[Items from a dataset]
+---+

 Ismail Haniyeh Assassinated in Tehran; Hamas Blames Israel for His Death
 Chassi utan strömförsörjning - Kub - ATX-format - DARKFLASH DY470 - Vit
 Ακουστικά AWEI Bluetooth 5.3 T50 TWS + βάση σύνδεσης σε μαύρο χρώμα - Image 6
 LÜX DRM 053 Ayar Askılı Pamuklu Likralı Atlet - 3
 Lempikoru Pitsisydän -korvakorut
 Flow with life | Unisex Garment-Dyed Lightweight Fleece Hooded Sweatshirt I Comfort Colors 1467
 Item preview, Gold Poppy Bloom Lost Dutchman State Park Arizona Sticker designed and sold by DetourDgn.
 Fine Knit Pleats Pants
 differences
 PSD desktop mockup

+---+

# The problem:
Print exactly, and only, the lines from the line that contains "Item preview, Gold" through the last line of the records.

# Answer area:
 Item preview, Gold Poppy Bloom Lost Dutchman State Park Arizona Sticker designed and sold by DetourDgn.
 Fine Knit Pleats Pants
 differences
 PSD desktop mockup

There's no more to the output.